=== Section Start ===

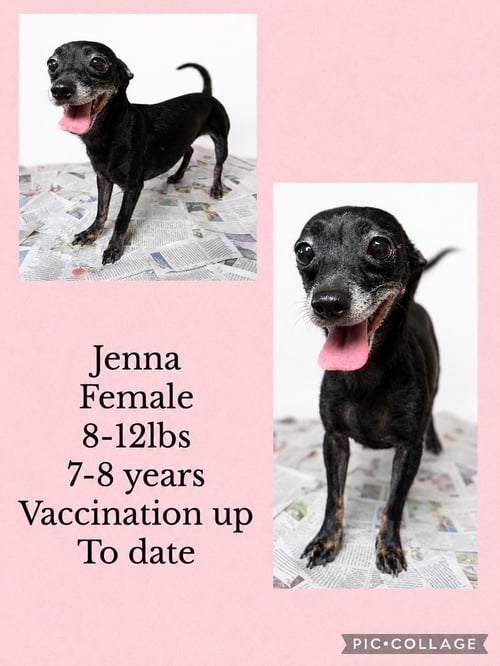 JENNA - Chihuahua / Dachshund available for adoption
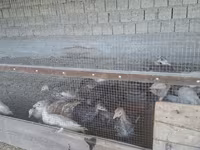 Slovenian Silver Hen — photo 4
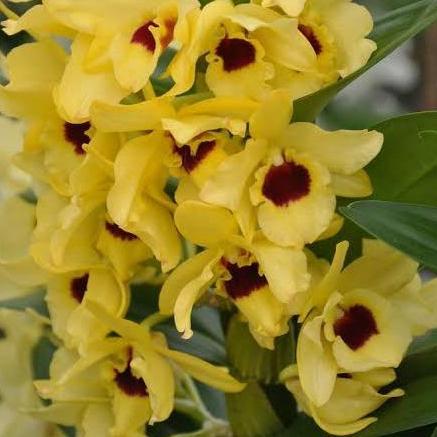 Terlaris Anggrek Dendrobium Nobile Kuning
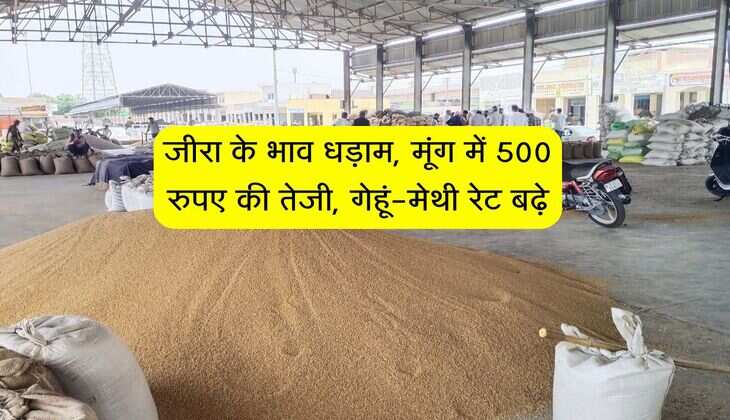 Bikaner Mandi Bhav: जीरा के भाव धड़ाम, मूंग में 500 रुपए की तेजी, गेहूं-मेथी रेट बढ़े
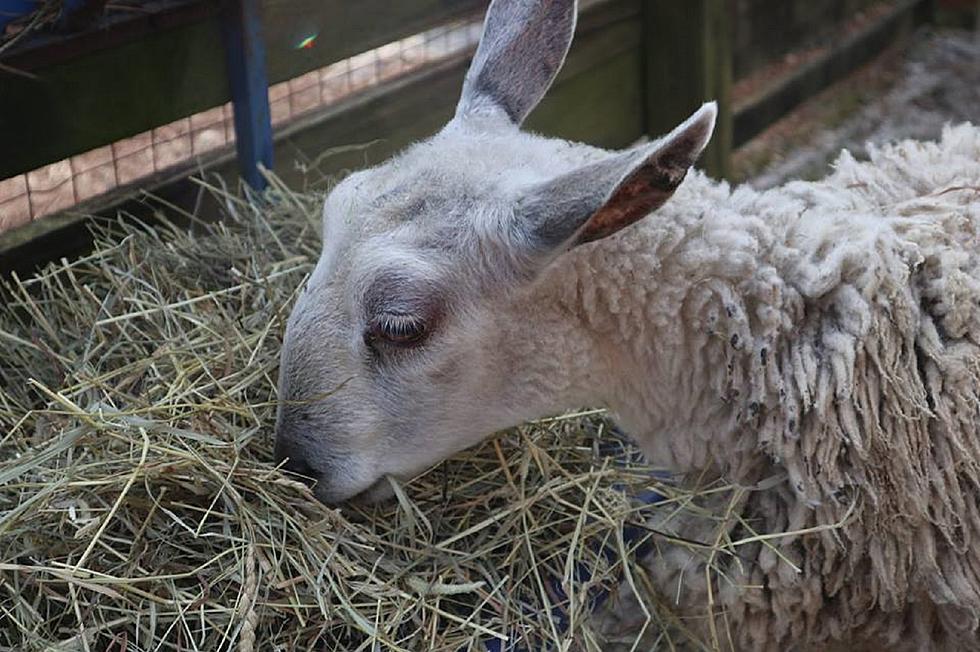 Sheep destined for sacrifice rescued from NJ street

=== Section End ===

■ **Aim of the task**
Your copy should run from the line that has "Slovenian Silver Hen — photo 4" through the last line above, exactly, with both ends in and pictures out.

■ **Written solution**
 Slovenian Silver Hen — photo 4
 Terlaris Anggrek Dendrobium Nobile Kuning
 Bikaner Mandi Bhav: जीरा के भाव धड़ाम, मूंग में 500 रुपए की तेजी, गेहूं-मेथी रेट बढ़े
 Sheep destined for sacrifice rescued from NJ street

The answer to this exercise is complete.